··· Data supplied ···
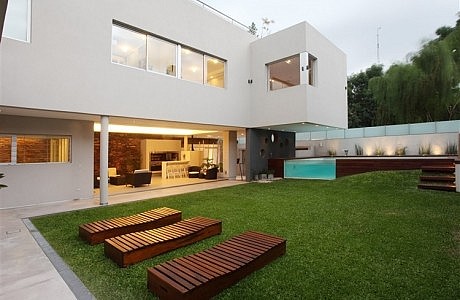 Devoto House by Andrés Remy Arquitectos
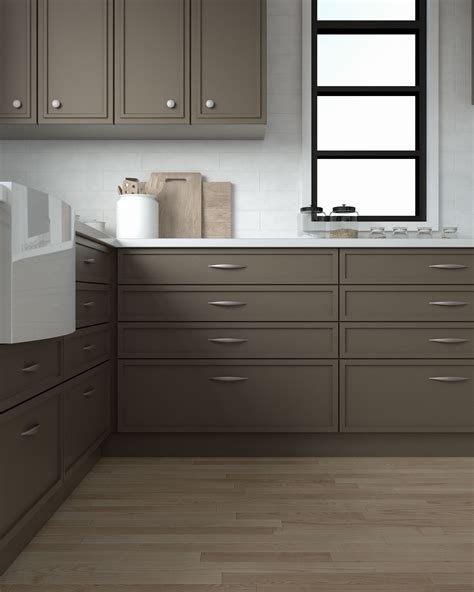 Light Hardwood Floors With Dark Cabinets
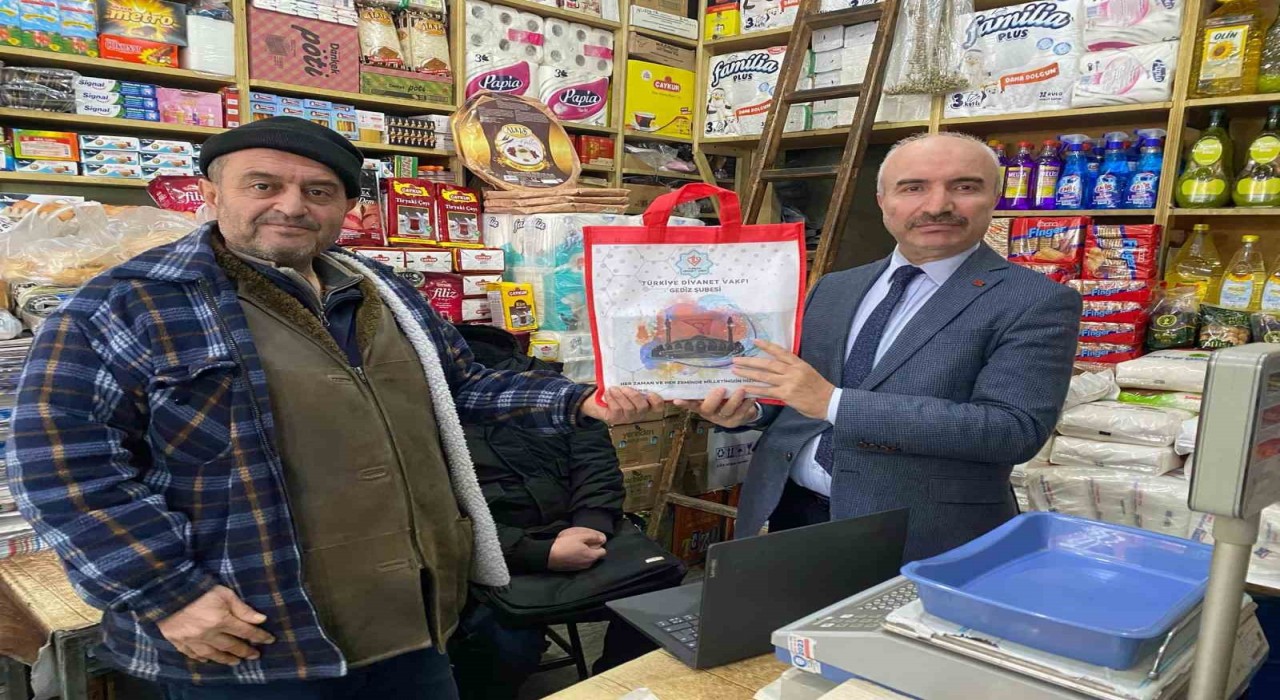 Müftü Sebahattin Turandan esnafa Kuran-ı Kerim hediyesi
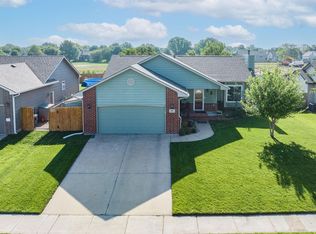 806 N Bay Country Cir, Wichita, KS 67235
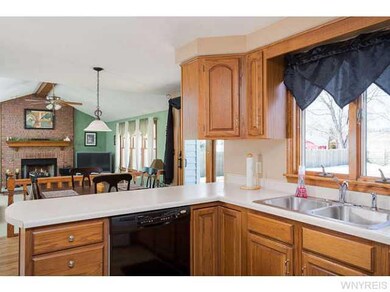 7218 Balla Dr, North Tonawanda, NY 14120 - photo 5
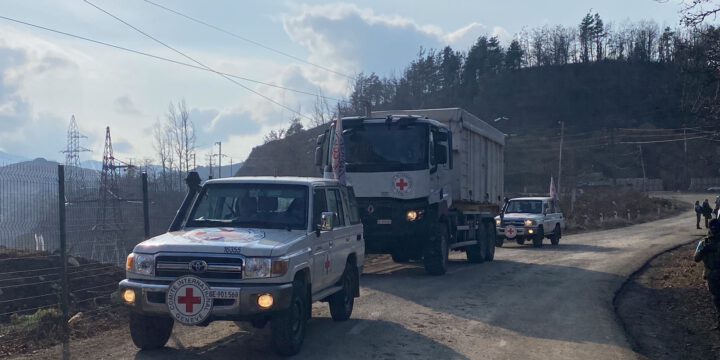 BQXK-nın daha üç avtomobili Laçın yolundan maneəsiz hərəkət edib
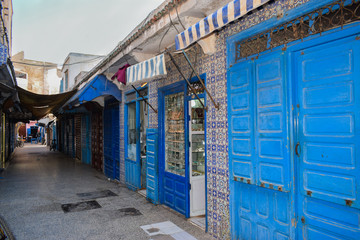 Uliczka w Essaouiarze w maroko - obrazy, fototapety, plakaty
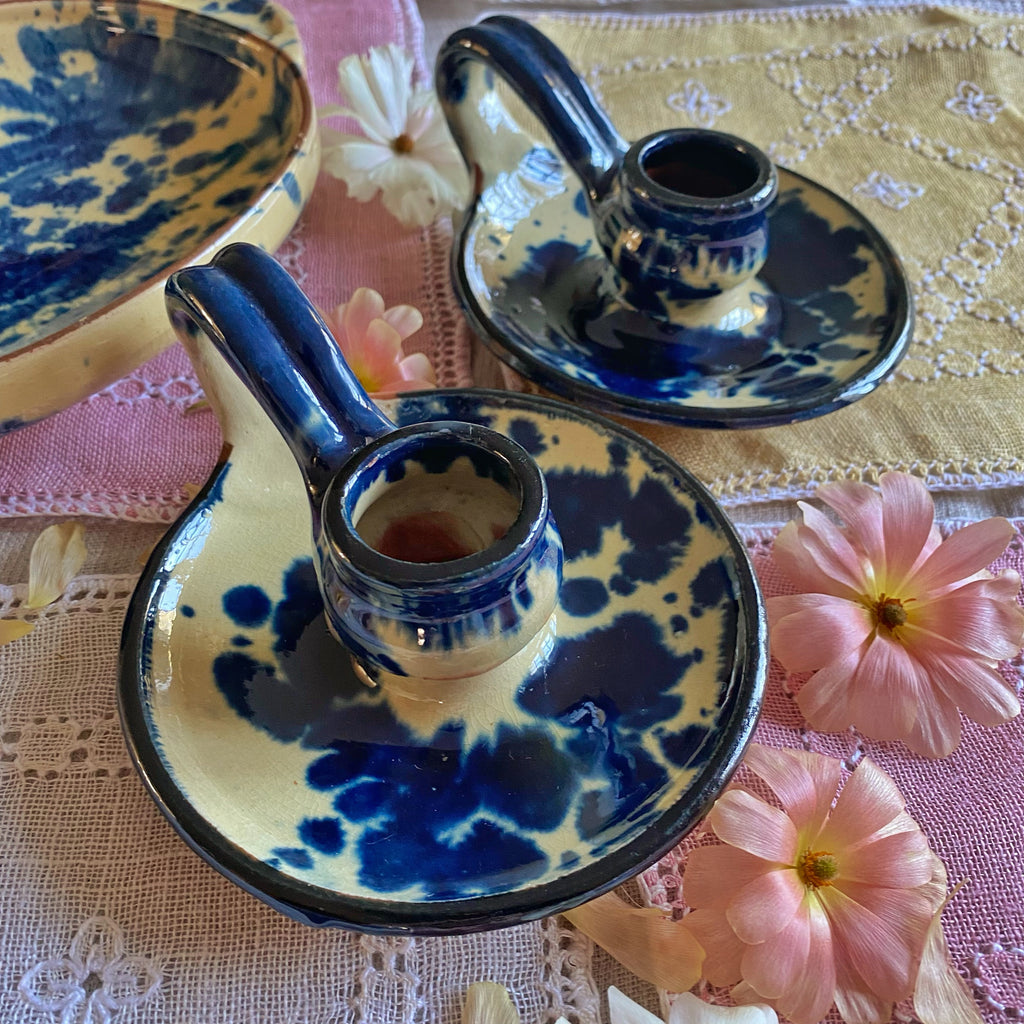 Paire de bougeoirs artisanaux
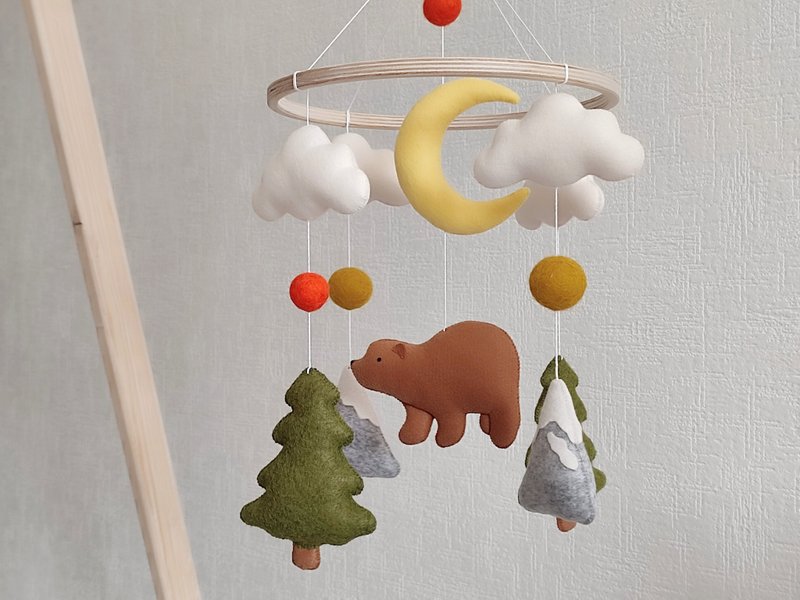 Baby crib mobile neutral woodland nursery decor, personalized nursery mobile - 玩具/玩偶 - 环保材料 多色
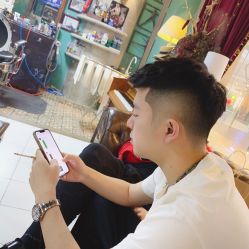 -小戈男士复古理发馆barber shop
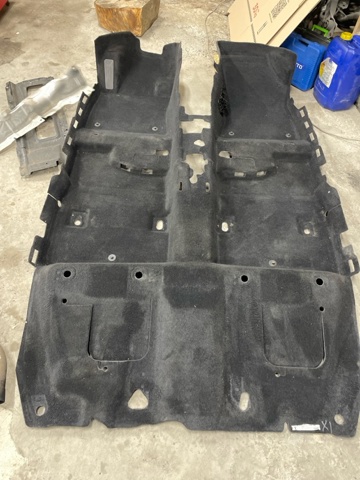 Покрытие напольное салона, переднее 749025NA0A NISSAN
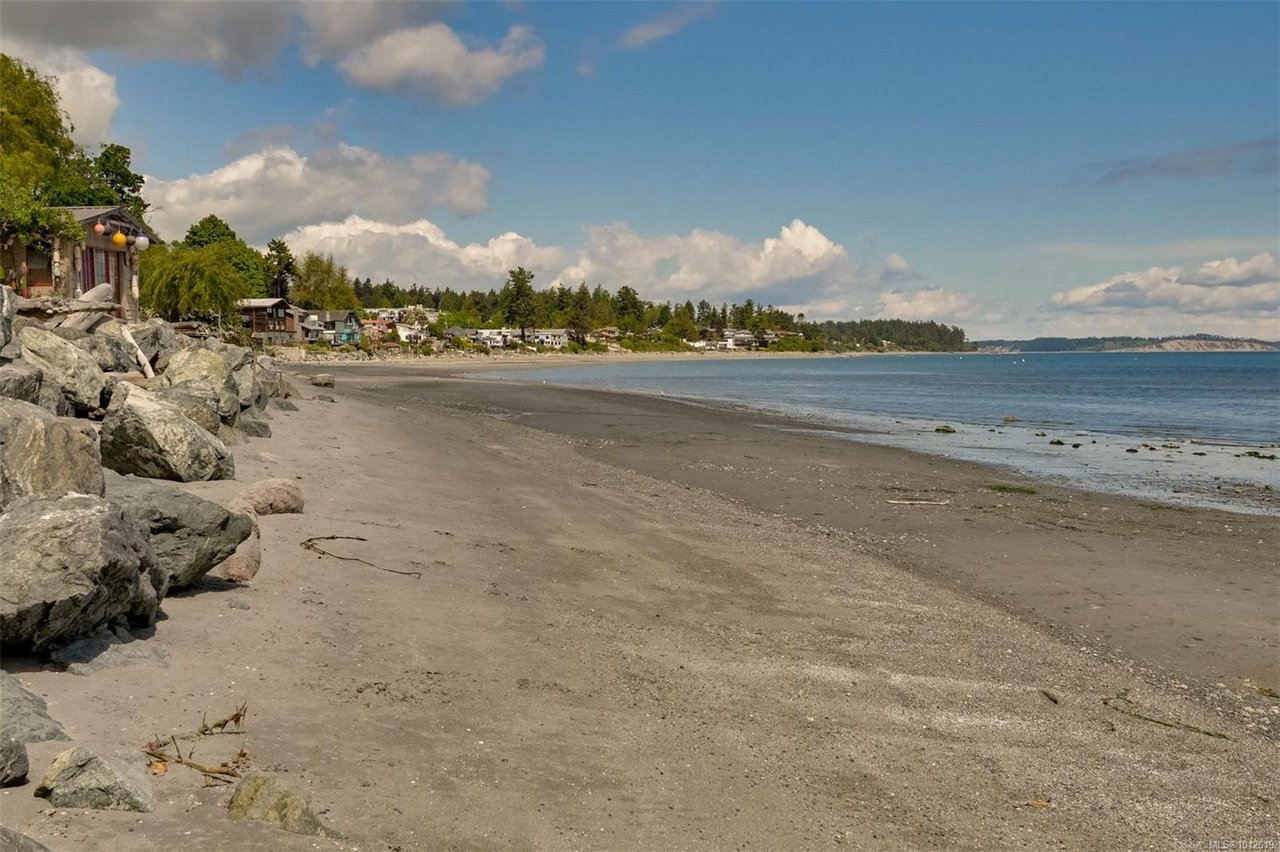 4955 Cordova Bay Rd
···
Each line from the one with "Uliczka w Essaouiarze" through the end of the entries should be reproduced exactly. Leave out the pictures.

### [Answer for the task]
 Uliczka w Essaouiarze w maroko - obrazy, fototapety, plakaty
 Paire de bougeoirs artisanaux
 Baby crib mobile neutral woodland nursery decor, personalized nursery mobile - 玩具/玩偶 - 环保材料 多色
 -小戈男士复古理发馆barber shop
 Покрытие напольное салона, переднее 749025NA0A NISSAN
 4955 Cordova Bay Rd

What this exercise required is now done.